In my play experience a Pouncing Barbarian is more dangerous than what we can find in PoW. Additionally with Monks and Brawlers getting pounce they will be very dangerous as well. A Bloodrager will have higher potential damage and spells, though less versatility in combat. What seems to have been the point from my experience is to reduce damage dealt to increase options and methods of combating foes.

For a lot of people the gameplay style of PoW classes is also more fun than the current "standing turret full attack" style we currently get in the game.

1. I think some of the PrCs are, but no the base classes.

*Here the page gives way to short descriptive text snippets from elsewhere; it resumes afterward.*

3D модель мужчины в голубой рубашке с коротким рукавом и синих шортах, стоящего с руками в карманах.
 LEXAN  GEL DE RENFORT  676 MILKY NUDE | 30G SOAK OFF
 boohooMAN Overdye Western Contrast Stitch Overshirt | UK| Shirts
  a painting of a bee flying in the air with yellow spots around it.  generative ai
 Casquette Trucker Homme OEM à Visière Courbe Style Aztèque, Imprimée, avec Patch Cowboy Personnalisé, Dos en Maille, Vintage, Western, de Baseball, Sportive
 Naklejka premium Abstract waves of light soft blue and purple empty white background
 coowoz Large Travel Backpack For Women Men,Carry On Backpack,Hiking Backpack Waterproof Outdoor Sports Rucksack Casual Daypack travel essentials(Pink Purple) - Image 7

2. They didn't belong at the table anyway. With the release of the Hunter, Barbarian, Brawler, Slayer, Paladin, Bloodrager, Magus, and Cavalier I had no reason to ever pick those classes again.

3. I believe archetypes are actually incoming for those classes.

4. Even if you challenge resource management the Barbarian, Brawler, Hunter, Paladin, and Cavalier all have huge staying power.


Pretty much what Insain said, particularly #2. PoW was not made to be balanced against Monk, Fighter, and Rogue. It was deliberately compared with the stronger available martial classes - versatile and capable characters like the Barbarian, Paladin, Ranger, Magus, Inquisitor, and Alchemist.

If you're comparing those three classes with PoW, then yes PoW will appear far more powerful. But so will almost every other class in the game. The decision was made early in the development process that the developers would not hamstring themselves by trying to keep their classes from overshadowing the weakest links in the system's chain.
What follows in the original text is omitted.